Leo Tolstoy: A Biography

Leo tolstoy (1828-1910).

Count Lev Nikolayevich Tolstoy was a Russian novelist. There is a large degree of consensus that his two great novels, War and Peace and Anna Karenina stand on the summit of realist fiction. He has been mentioned again and again as the greatest novelist who ever wrote, and so he wins a place in this list of great writers. He is one of the two giants of Russian literature. The other giant, Dostoyevsky, spoke of him as the greatest of all living novelists.

The French giant, Gustave Flaubert , on reading War and Peace , exclaimed, ‘What an artist and what a psychologist!’ Matthew Arnold, the British poet and man of letters, wrote: ‘a novel by Tolstoy is not a work of art but a piece of life.’

War and Peace is generally considered to be one of the greatest – if not the greatest – novels ever written. Its dramatic breadth and unity is breathtaking. It is a huge canvas that includes 580 characters, some historical, like Napoleon and Alexander I of Russia, and others fictional. The story is set in the homes of families, the camp of Napoleon, the Russian royal court and the battlefields of Austerlitz and Borodino. The novel explores the insignificance of individuals such as Napoleon and Alexander.


Portrait of Leo Tolstoy

Tolstoy attempts in his novels realistically to depict the Russian society in which he lived and he draws from all its sectors. The Cossacks describes Cossack life in a story of a Russian aristocrat who falls in love with a Cossack girl. Anna Karenina is the story of an adulterous woman trapped by the conventions and falsities of society and of a philosophical landowner who works alongside the peasants in the fields and seeks to transform their lives.

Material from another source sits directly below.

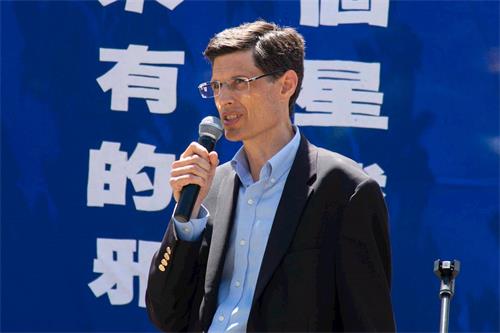'图7:精神病学专家山特容在发言'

It goes without saying that Toystoy’s influence on subsequent writers has been immense. Apart from that, though, he has even influenced the course of history. In 1908, he wrote A Letter to a Hindu outlining his belief in non-violence as a means for India to gain independence from British colonial rule. Gandhi read a copy of the letter when he was working as a lawyer in South Africa and just becoming an activist. Tolstoy’s letter was most significant for him. He wrote Tolstoy and that led to further correspondence between them. It was Tolstoy’s influence that led to Gandhi to espouse nonviolent resistance, the approach that won independence for India.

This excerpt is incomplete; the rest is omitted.